New Civilization News: Sustainable Biodiesel    
 Sustainable Biodiesel4 comments
30 Apr 2004 @ 13:42, by Raymond Powers

Sustainable Biodiesel
By Tim Castleman

Biodiesel is great, but there are a few things we should include in every conversation about Biodiesel:

1) Imagine if just 10% of the people using petro-diesel switched to biodiesel - that would create demand for twice as much as the supply of waste oil available. While it is a great idea to process waste vegetable oil and use it again, promoting biodiesel as a replacement for petro-diesel with no modification in consumption is unsustainable and socially irresponsible.

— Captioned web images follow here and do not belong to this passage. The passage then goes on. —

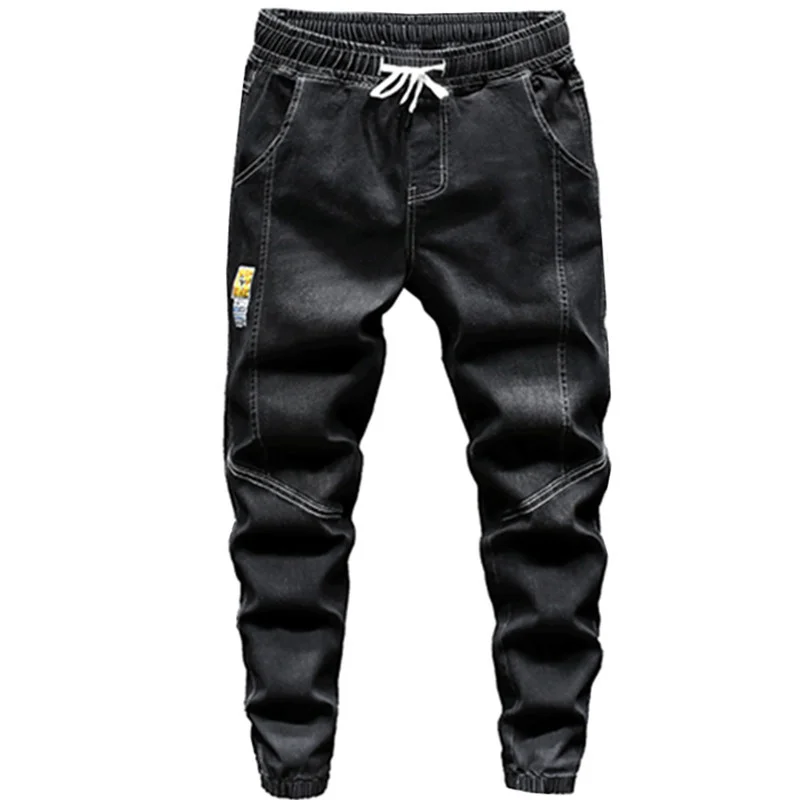 

Pants 2023 Fashion Denim Brand Big Yards Feet Thin Jeans Men Elastic Waist Drawstring Cowboy Sweatpants Baggy Trousers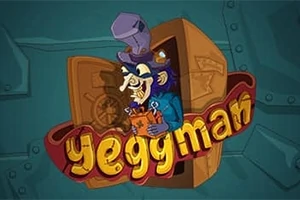만화 스타일의 남자가 금고 앞에 서 있는 모습과 Yeggman이라는 글씨가 있는 이미지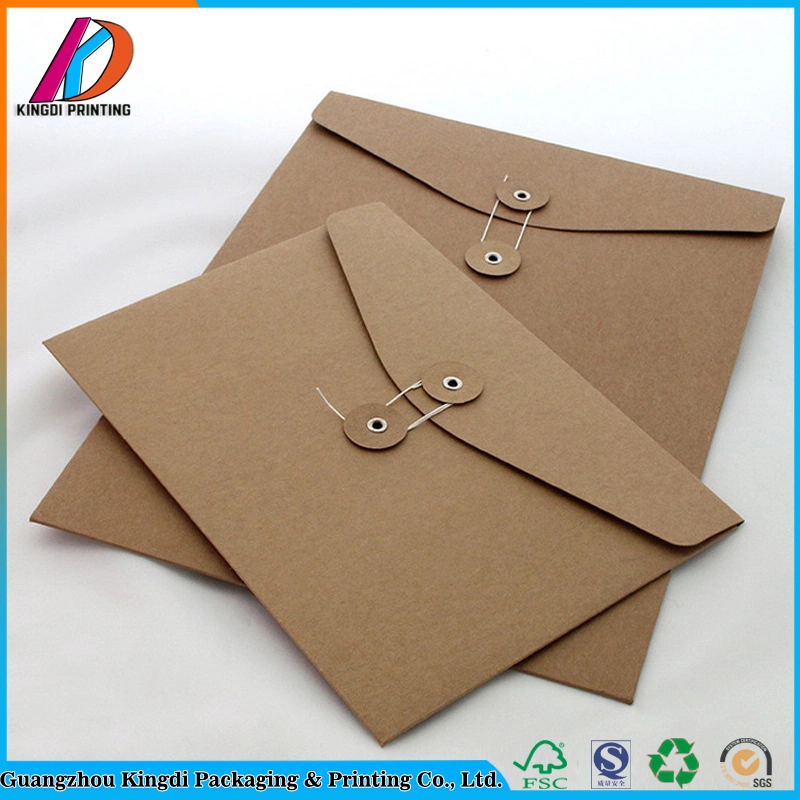 Hot Sale Thick Kraft Paper Envelope with String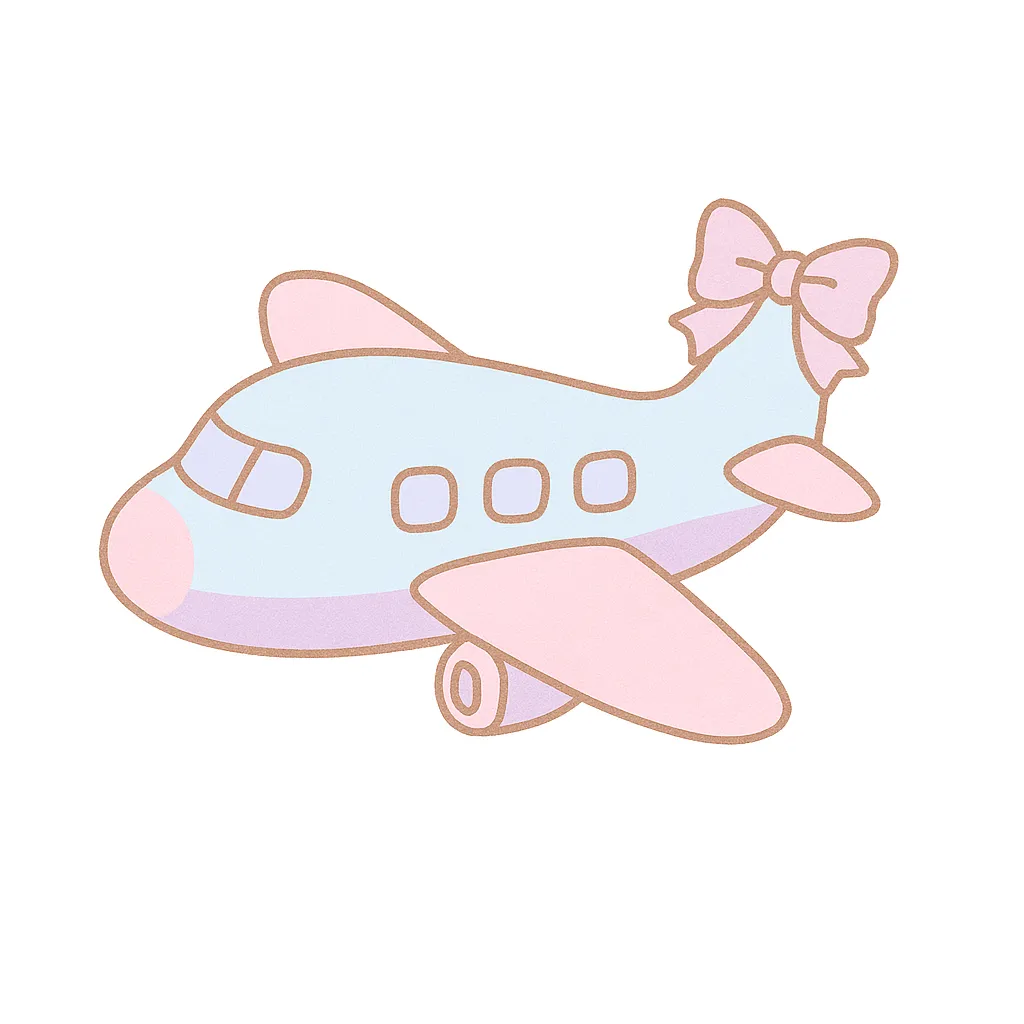 ゆめかわいいガーリーな飛行機｜機体全体をパステルブルーとピンクでまとめ、尾翼にリボンの装飾がついたガーリーな飛行機。窓や翼もまるみを帯びたシルエットで、空を飛ぶやさしいイメージに。白背景でふんわりした雰囲気を活かしています。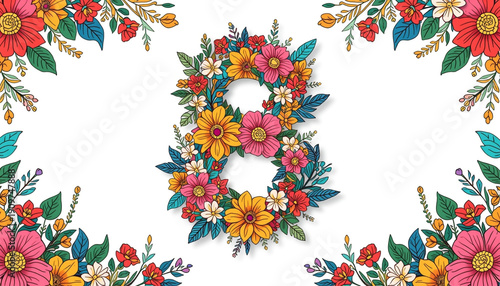 A colorful floral design featuring the number eight made of flowers and leaves on a white background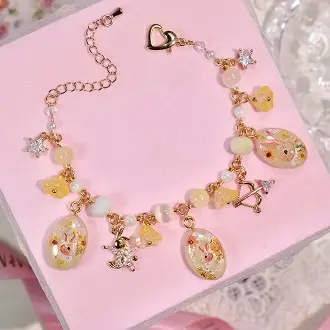 ข้อมือวงรีกระต่ายดอกไม้เหลือง สร้อยข้อมือ MIMEAR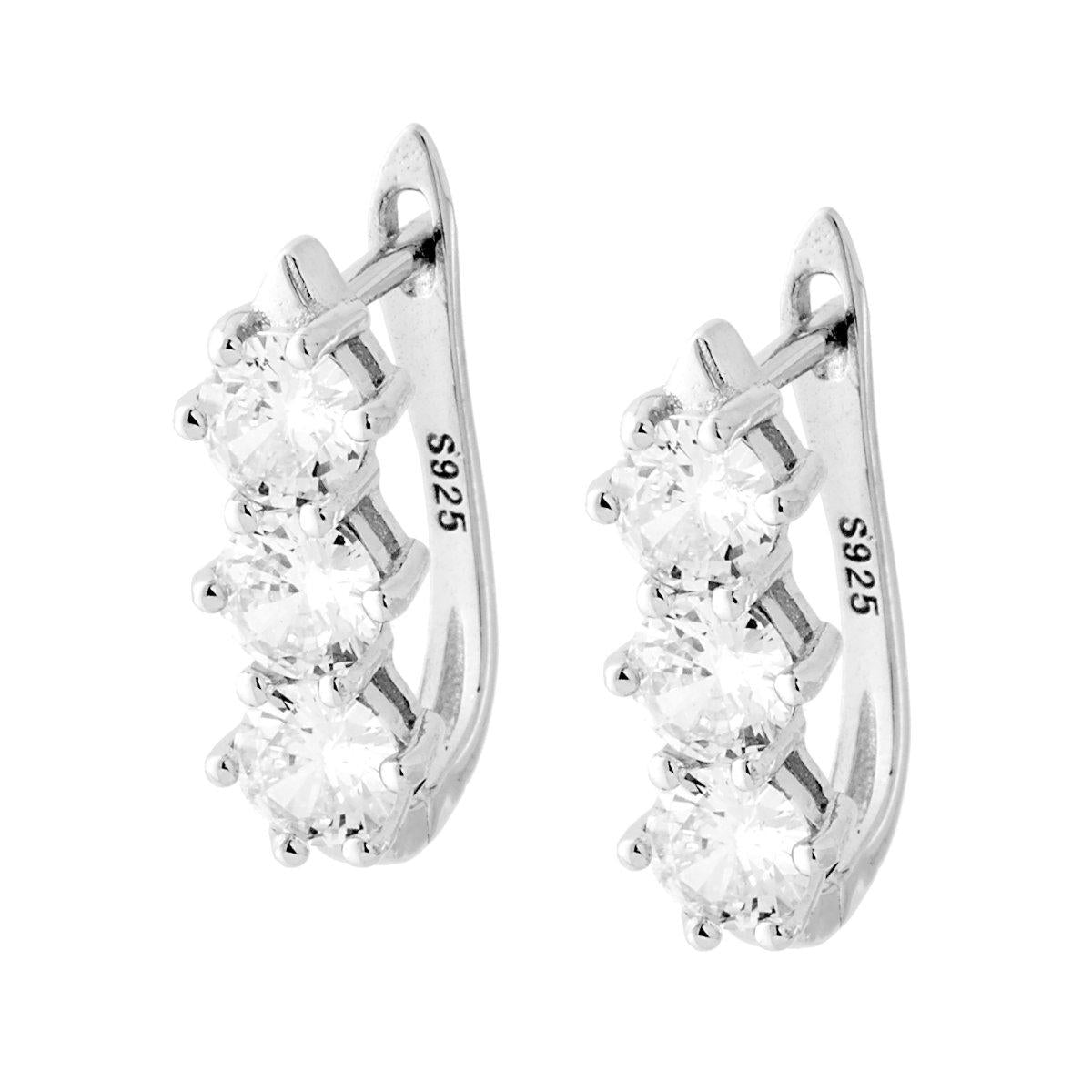 Ohrstecker mit Schnappverschluss Inglese Trilogy mit weißen Zirkonen, 5 mm, 925er Silber, rhodiumbeschichtet. - MeinSchmuckShop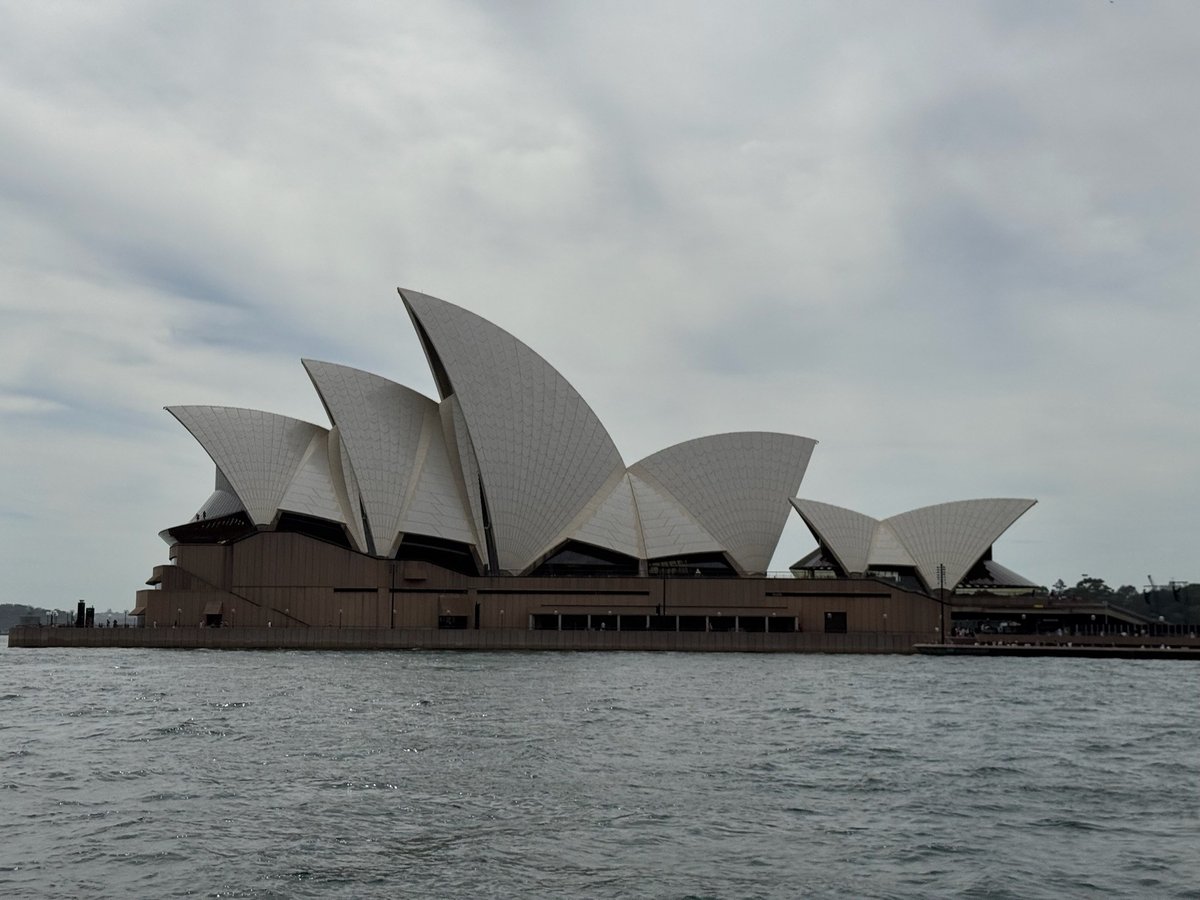 The Sydney Opera House from the water on the way in.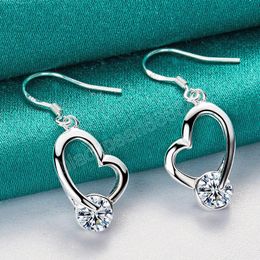 925 Sterling Silver Heart AAA Zircon Dangle Earring For Woman Best Wedding Engagement Jewellery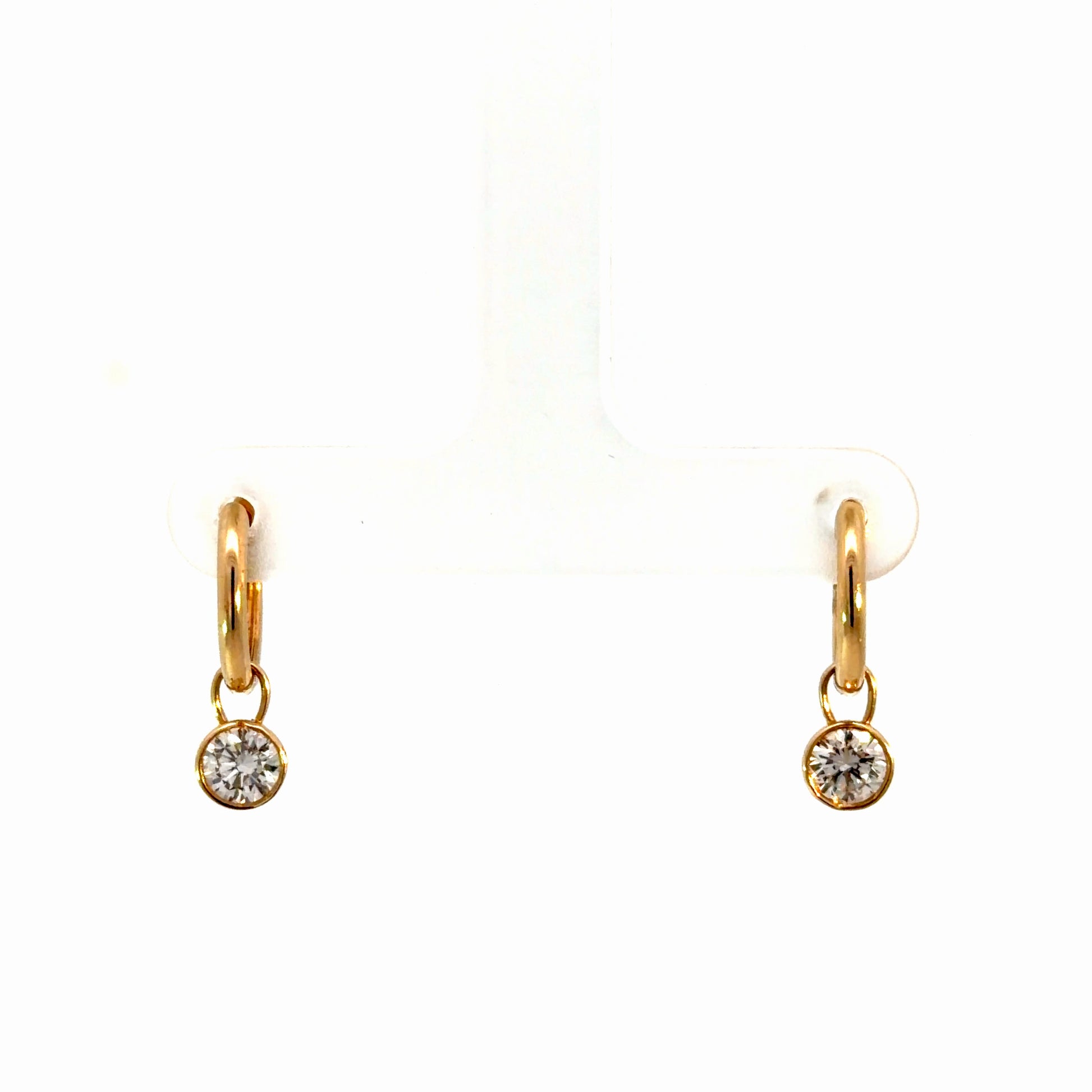 0.70ct Bezel Solitaire Diamond Huggie in 14k Gold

2) In that case, (even now already), oil formerly grown for food will be used for fuel instead. Example: a company named World Energy provides biodiesel to the Marine corps that is made from virgin soy oil. The military can afford it, regular folks can't. Using food as fuel to preserve overconsumptive lifestyles is unsustainable and socially irresponsible.

3) America already consumes 6 to 10 times per capita the amount of energy consumed in the rest of the world, teaching people they can keep this up is unsustainable and socially irresponsible.

4) It would be foolish to burn biodiesel in a stationary generator - it would run fine on vegetable oil with no processing beyond filtration. To promote biodiesel for generating electricity is unsustainable and socially irresponsible.

5) Conservation. Again, western culture simply consumes too much. Devising alternative sources of energy to support unsustainable living is unsustainable and socially irresponsible.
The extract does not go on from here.